Julien Crépieux. ChatGPT est seulement une fonctionnalité parmi d’autres. Notre idée est surtout d’enrichir les messages, à partir de toutes les sources d’informations sur les différents canaux, plutôt que silo par silo. Le croisement de l’information présente un intérêt supplémentaire, de la même façon que le fait de réunir tous les contacts issus de canaux différents.
L’European Innovation Council estime que ces dernières années en Europe, les porteurs de projets innovants intègrent mieux les sujets de responsabilité et de diversité, les investisseurs étant plus attentifs à ces problématiques. Est-ce que vous ressentez cette évolution ?
Julien Crépieux. Lors de la préparation de la levée de fonds, nous n’avons pas senti que ces sujets feraient fondamentalement la différence entre un oui et un non de la part de nos interlocuteurs. Ce sont des questions qui nous ont plutôt été posées à la marge des échanges.

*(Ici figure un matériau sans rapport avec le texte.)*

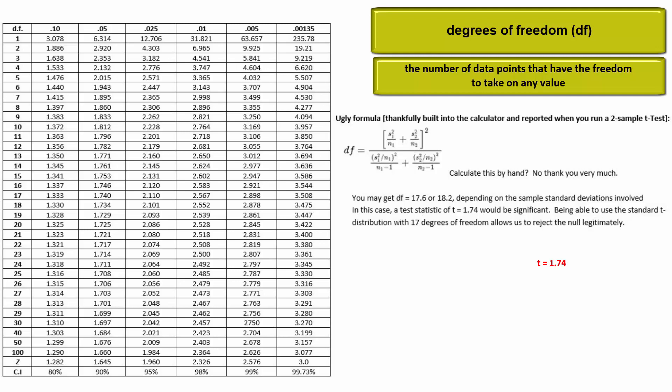In our example we may end up with more than 17 degrees of freedom and this would cause us to reject the null.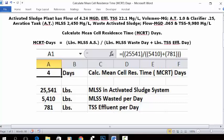In the address bar, type in the formula: equals two open parentheses, 25,541, closed parentheses, division key, two open parentheses, 5,410, closed parentheses, plus sign, open parentheses, 781, three closed parentheses. Press Enter and your answer will be 4. So four MCRT days is the answer with this data.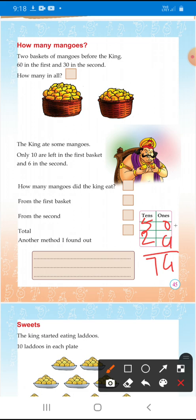Another method I found to check the total of mangoes.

Nous avons tous conscience qu’il faut être attentif à ne pas tomber dans des discours de type greenwashing, en prétextant que toutes les innovations peuvent changer le monde sur les sujets de responsabilité. Mais par ailleurs, il nous faut avoir une idée claire en tant que dirigeant de start-up sur les implications que ces thèmes peuvent avoir pour notre développement.
En la matière, la parité est sans doute l’un des sujets très difficiles à notre niveau. Sur deux cents CV nous avons environ dix postulantes et il est très compliqué d’attirer, même si on veut pousser en ce sens. Nous sommes très contents d’être parvenu à recruter une femme dans notre équipe récemment. Mais on se rend bien compte que c’est difficile de faire des choix forts sur ce sujet tout en avançant sur les attentes normales du développement d’une start-up.
D’autres sujets de responsabilité sont cependant plus simples, comme la gestion de la privacy. Pour une start-up, il est important de pouvoir apporter des garanties, sur le chiffrement, l’hébergement des données, leur non-revente, etc. Toutefois, à l’international, tout le monde ne porte pas la même attention au sujet. Nos utilisateurs américains ne sont pas très attentifs à ces questions contrairement aux européens. Cela ne nous empêche pas d’en faire un point très important pour notre entreprise : si nous subissons une cyberattaque, nous voulons être irréprochables.